Experts to United Nations: hentai ban would be a mistake

Jeremy Malcolm
Prostasia Foundation
5 min readFeb 18, 2019

A United Nations committee is circulating a draft document that could bring in a global ban on the sexual depiction of minors in drawings and cartoons, including lolicon and shotacon hentai — a Japanese comic book artform — and it has human rights experts worried.

No politician wants to be seen as being weak against child sexual abuse. But unfortunately the extent of what most voters know about child sexual abuse prevention is based on a series of popular myths. For example, the myth of stranger danger (95% of child sexual abuse is committed by those known to the child), the myth that everyone who abuses a child has pedophilia (73% of child abusers don’t), and the myth that the premature “sexualization” of minors can be attributed to their portrayal in art and in the media (it’s more complicated).

Understandably, confronting voters with the falsity of these beliefs is not a winning proposition for any politician seeking to remain in office. So they tend to focus on a child sexual abuse straw man, through popular measures like increased censorship, attacks on sex workers’ rights, and ever-harsher penalties for those who have already offended. It’s no surprise that such initiatives fail to work.

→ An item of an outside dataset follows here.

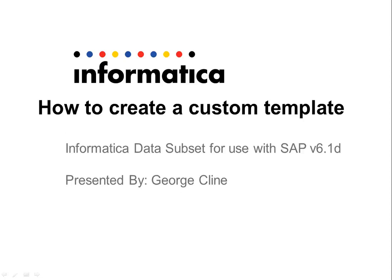Hello and welcome to Informatica's global customer support knowledge-based video. Today I'm going to be talking about how to create a custom template as it pertains to the data subset for use with SAP product version 6.1d.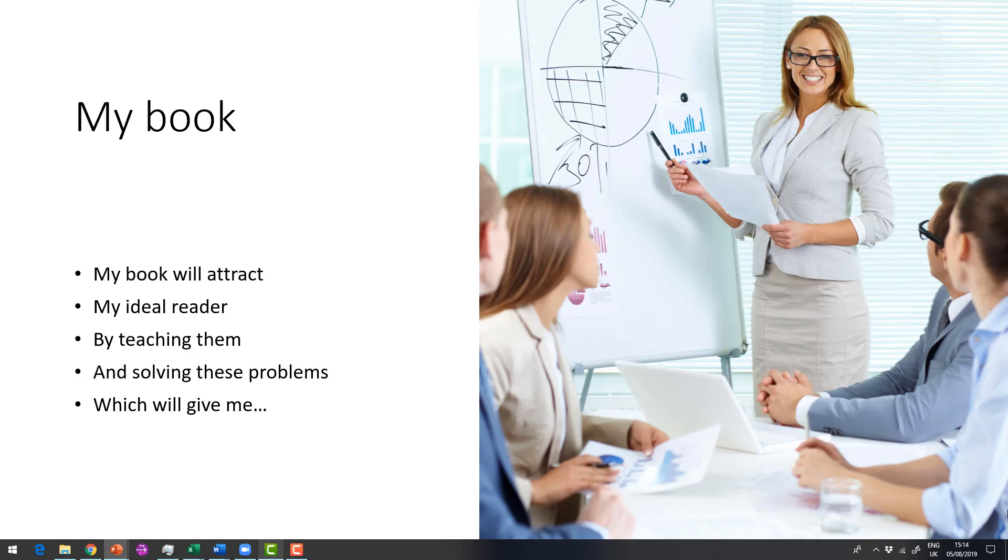So think about this: my book will attract my ideal reader by teaching them and solving these problems which will give me. So who is the ideal reader? What are you teaching them? What problems do you solve and what are they going to get as a result of reading your book?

The proposal for United Nations controls on how minors can be depicted in cartoon art falls into the same category; it’s a popular measure that seems like it might protect children, but could actually do the opposite, while infringing the rights of innocent people such as artists, fans, and Internet users. But before explaining why, a bit of background on where this proposal has come from.

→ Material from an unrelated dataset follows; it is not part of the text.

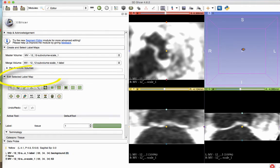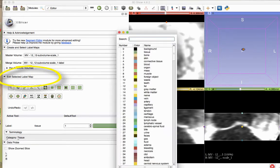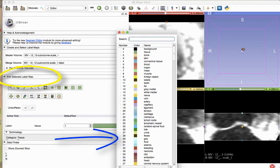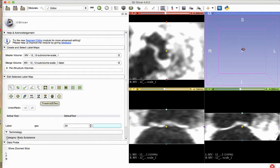In the Edit Selected Label Map section of the Editor module, there is an option to select the label. Any label can be used. Our preference is 29, Gas. The label can be changed by clicking on the colored button in the Label section of the Edit Selected Label Map tool. After choosing your desired label, click the Threshold Effect button.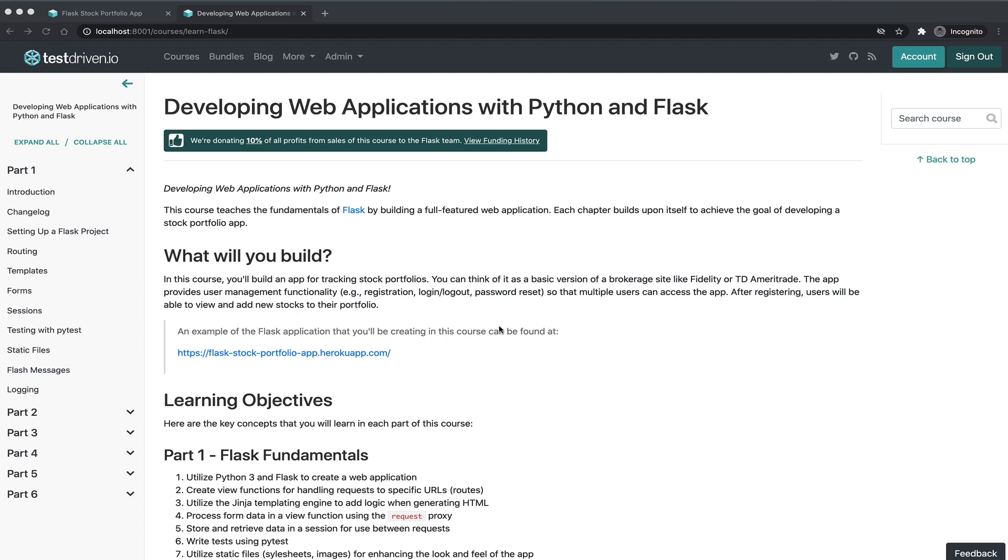So this is a quick demo of the application that will be building in the Developing Web Applications with Python and Flask course. And so by the end of this course, you will have built a full-featured web application with Flask for managing stock portfolios.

Who is behind the proposed ban?

The United Nations body behind the proposal, the Committee on the Rights of the Child, is composed of 18 expert members elected by the world’s governments in rotation. It does not directly make what is called “hard” international law, such as treaties or conventions. Those are made directly by governments; and an example is the Optional Protocol to the Convention on the Rights of the Child on the sale of children, child prostitution and child pornography. This Optional Protocol is the international agreement that prohibits child pornography, which it defines as follows:

Child pornography means any representation, by whatever means, of a child engaged in real or simulated explicit sexual activities or any representation of the sexual parts of a child for primarily sexual purposes.

The Optional Protocol itself is not new; it has been in place since 2000, and has been signed and ratified by 175 countries. What the Committee is now circulating for comment is a set of implementation guidelines for countries to follow to enact and enforce the Optional Protocol as part of their local law. Although these guidelines will be non-binding, they will still be influential — a kind of “soft law” that many countries will still be inclined to follow.

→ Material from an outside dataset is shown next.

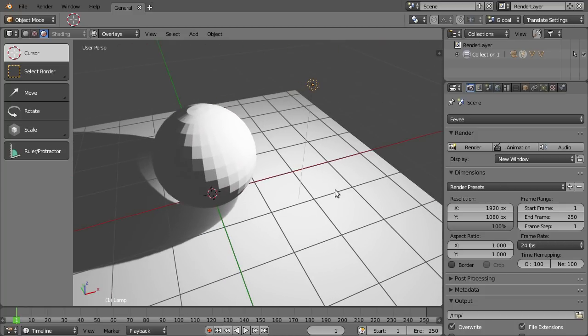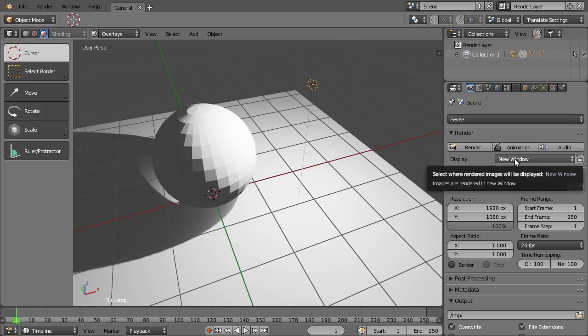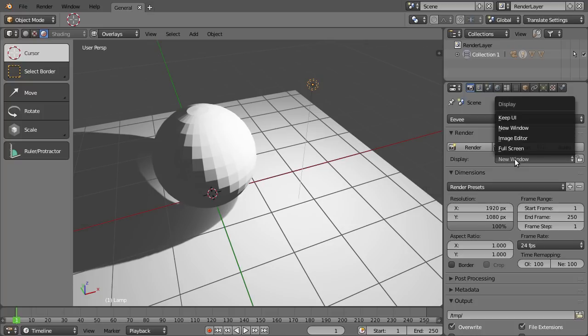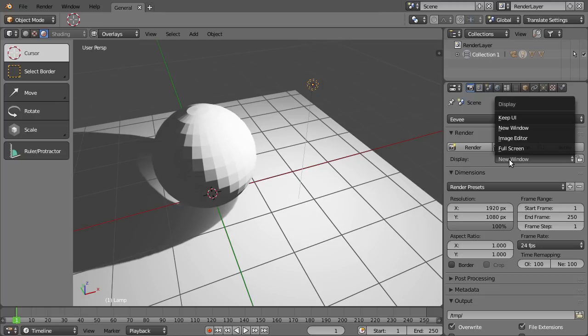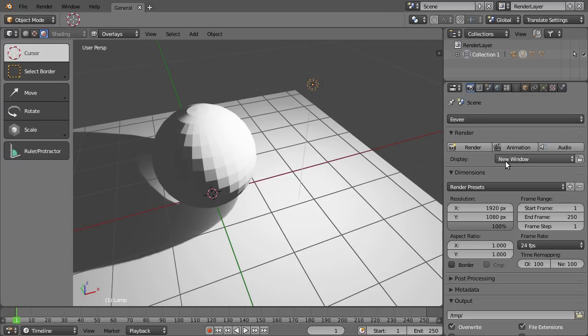And by the way, in case I am rendering, which I won't do now, the default display type is now new window, which means it's no longer the image editor, but it will create a new window by default. I mean, I really liked it to be the image editor, but I guess I can get used to it when I start a new scene that it's now new window.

Facilitating the development of the Committee’s guidelines is a large global child protection network called ECPAT, that we have criticized for its support of the anti-sex worker law FOSTA/SESTA, and for sex-negative elements in its Luxembourg Guidelines that seek to modernize the terminology used to describe child sexual abuse. ECPAT — a private, non-governmental organization — has now succeeded in exporting relevant parts of its Luxembourg Guidelines into a form that is one step closer to being international law. And that’s a concern.

What does the ban cover?

The Implementation Guidelines cover a wide range of topics apart from the censorship of drawn images, and they certainly aren’t all bad. For example, they contain positive text about the need to “ensure that all persons, especially those caring for children, have an adequate knowledge of the different forms of sexual exploitation and abuse,” and suggesting that countries “carry out studies to analyse and assess the nature, extent, root causes and consequences on children” of child sexual abuse, with a view to preventing offending. We fully support these parts of the document, and will be making this clear in our submission.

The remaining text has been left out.